# Material provided
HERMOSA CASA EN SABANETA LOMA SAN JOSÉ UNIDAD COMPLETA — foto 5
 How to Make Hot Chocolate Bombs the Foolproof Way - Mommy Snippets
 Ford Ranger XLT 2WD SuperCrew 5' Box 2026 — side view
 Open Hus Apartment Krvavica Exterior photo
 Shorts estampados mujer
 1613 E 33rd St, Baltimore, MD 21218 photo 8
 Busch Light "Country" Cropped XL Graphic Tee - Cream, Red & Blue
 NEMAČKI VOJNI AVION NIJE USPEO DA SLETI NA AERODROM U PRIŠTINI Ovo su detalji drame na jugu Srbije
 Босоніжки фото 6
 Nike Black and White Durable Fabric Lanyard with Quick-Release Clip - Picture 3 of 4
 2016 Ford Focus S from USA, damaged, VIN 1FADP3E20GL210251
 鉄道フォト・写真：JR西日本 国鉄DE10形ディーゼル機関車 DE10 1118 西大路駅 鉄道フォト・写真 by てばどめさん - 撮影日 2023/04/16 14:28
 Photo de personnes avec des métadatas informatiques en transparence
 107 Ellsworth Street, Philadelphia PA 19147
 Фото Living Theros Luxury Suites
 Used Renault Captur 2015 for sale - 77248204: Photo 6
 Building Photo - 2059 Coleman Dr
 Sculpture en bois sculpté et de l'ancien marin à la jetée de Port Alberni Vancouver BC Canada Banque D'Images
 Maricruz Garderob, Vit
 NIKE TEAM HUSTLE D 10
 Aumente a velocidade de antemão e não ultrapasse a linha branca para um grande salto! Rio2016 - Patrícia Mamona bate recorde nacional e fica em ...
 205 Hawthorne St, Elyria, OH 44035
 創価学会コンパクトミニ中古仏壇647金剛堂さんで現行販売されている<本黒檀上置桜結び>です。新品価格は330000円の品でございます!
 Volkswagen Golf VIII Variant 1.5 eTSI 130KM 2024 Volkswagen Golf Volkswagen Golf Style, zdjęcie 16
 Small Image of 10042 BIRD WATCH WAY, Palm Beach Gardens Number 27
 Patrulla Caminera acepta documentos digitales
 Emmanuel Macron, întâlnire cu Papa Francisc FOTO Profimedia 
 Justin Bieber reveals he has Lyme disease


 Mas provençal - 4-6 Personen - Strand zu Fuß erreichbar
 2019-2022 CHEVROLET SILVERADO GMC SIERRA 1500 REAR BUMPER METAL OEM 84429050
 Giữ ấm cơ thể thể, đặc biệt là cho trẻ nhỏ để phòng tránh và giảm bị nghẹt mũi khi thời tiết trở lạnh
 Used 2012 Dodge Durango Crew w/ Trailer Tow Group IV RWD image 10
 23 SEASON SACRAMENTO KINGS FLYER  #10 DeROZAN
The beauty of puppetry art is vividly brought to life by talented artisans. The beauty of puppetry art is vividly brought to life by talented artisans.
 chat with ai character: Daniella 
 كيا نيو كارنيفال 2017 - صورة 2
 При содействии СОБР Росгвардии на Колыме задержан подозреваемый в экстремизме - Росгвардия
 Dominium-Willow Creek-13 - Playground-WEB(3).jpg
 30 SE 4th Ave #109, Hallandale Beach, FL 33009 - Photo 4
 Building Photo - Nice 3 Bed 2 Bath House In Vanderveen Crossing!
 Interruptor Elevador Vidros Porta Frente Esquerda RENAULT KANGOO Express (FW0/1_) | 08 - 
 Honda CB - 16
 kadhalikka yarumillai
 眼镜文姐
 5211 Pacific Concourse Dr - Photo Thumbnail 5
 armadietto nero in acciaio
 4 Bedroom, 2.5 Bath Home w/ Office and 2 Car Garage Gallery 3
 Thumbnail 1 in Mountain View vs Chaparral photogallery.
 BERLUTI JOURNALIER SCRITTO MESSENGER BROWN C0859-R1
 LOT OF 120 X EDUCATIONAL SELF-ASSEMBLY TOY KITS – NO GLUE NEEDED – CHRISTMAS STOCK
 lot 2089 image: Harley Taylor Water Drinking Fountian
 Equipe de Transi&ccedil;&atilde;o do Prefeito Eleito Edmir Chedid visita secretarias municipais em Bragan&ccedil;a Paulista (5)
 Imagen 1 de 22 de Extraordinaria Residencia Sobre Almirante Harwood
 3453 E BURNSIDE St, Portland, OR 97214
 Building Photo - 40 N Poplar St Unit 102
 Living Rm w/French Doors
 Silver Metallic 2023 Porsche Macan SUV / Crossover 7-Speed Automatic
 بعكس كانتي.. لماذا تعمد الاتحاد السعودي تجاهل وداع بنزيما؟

# Exercise prompt
Output the listing exactly, from first line to last.

# Reply to the exercise
HERMOSA CASA EN SABANETA LOMA SAN JOSÉ UNIDAD COMPLETA — foto 5
 How to Make Hot Chocolate Bombs the Foolproof Way - Mommy Snippets
 Ford Ranger XLT 2WD SuperCrew 5' Box 2026 — side view
 Open Hus Apartment Krvavica Exterior photo
 Shorts estampados mujer
 1613 E 33rd St, Baltimore, MD 21218 photo 8
 Busch Light "Country" Cropped XL Graphic Tee - Cream, Red & Blue
 NEMAČKI VOJNI AVION NIJE USPEO DA SLETI NA AERODROM U PRIŠTINI Ovo su detalji drame na jugu Srbije
 Босоніжки фото 6
 Nike Black and White Durable Fabric Lanyard with Quick-Release Clip - Picture 3 of 4
 2016 Ford Focus S from USA, damaged, VIN 1FADP3E20GL210251
 鉄道フォト・写真：JR西日本 国鉄DE10形ディーゼル機関車 DE10 1118 西大路駅 鉄道フォト・写真 by てばどめさん - 撮影日 2023/04/16 14:28
 Photo de personnes avec des métadatas informatiques en transparence
 107 Ellsworth Street, Philadelphia PA 19147
 Фото Living Theros Luxury Suites
 Used Renault Captur 2015 for sale - 77248204: Photo 6
 Building Photo - 2059 Coleman Dr
 Sculpture en bois sculpté et de l'ancien marin à la jetée de Port Alberni Vancouver BC Canada Banque D'Images
 Maricruz Garderob, Vit
 NIKE TEAM HUSTLE D 10
 Aumente a velocidade de antemão e não ultrapasse a linha branca para um grande salto! Rio2016 - Patrícia Mamona bate recorde nacional e fica em ...
 205 Hawthorne St, Elyria, OH 44035
 創価学会コンパクトミニ中古仏壇647金剛堂さんで現行販売されている<本黒檀上置桜結び>です。新品価格は330000円の品でございます!
 Volkswagen Golf VIII Variant 1.5 eTSI 130KM 2024 Volkswagen Golf Volkswagen Golf Style, zdjęcie 16
 Small Image of 10042 BIRD WATCH WAY, Palm Beach Gardens Number 27
 Patrulla Caminera acepta documentos digitales
 Emmanuel Macron, întâlnire cu Papa Francisc FOTO Profimedia 
 Justin Bieber reveals he has Lyme disease


 Mas provençal - 4-6 Personen - Strand zu Fuß erreichbar
 2019-2022 CHEVROLET SILVERADO GMC SIERRA 1500 REAR BUMPER METAL OEM 84429050
 Giữ ấm cơ thể thể, đặc biệt là cho trẻ nhỏ để phòng tránh và giảm bị nghẹt mũi khi thời tiết trở lạnh
 Used 2012 Dodge Durango Crew w/ Trailer Tow Group IV RWD image 10
 23 SEASON SACRAMENTO KINGS FLYER  #10 DeROZAN
The beauty of puppetry art is vividly brought to life by talented artisans. The beauty of puppetry art is vividly brought to life by talented artisans.
 chat with ai character: Daniella 
 كيا نيو كارنيفال 2017 - صورة 2
 При содействии СОБР Росгвардии на Колыме задержан подозреваемый в экстремизме - Росгвардия
 Dominium-Willow Creek-13 - Playground-WEB(3).jpg
 30 SE 4th Ave #109, Hallandale Beach, FL 33009 - Photo 4
 Building Photo - Nice 3 Bed 2 Bath House In Vanderveen Crossing!
 Interruptor Elevador Vidros Porta Frente Esquerda RENAULT KANGOO Express (FW0/1_) | 08 - 
 Honda CB - 16
 kadhalikka yarumillai
 眼镜文姐
 5211 Pacific Concourse Dr - Photo Thumbnail 5
 armadietto nero in acciaio
 4 Bedroom, 2.5 Bath Home w/ Office and 2 Car Garage Gallery 3
 Thumbnail 1 in Mountain View vs Chaparral photogallery.
 BERLUTI JOURNALIER SCRITTO MESSENGER BROWN C0859-R1
 LOT OF 120 X EDUCATIONAL SELF-ASSEMBLY TOY KITS – NO GLUE NEEDED – CHRISTMAS STOCK
 lot 2089 image: Harley Taylor Water Drinking Fountian
 Equipe de Transi&ccedil;&atilde;o do Prefeito Eleito Edmir Chedid visita secretarias municipais em Bragan&ccedil;a Paulista (5)
 Imagen 1 de 22 de Extraordinaria Residencia Sobre Almirante Harwood
 3453 E BURNSIDE St, Portland, OR 97214
 Building Photo - 40 N Poplar St Unit 102
 Living Rm w/French Doors
 Silver Metallic 2023 Porsche Macan SUV / Crossover 7-Speed Automatic
 بعكس كانتي.. لماذا تعمد الاتحاد السعودي تجاهل وداع بنزيما؟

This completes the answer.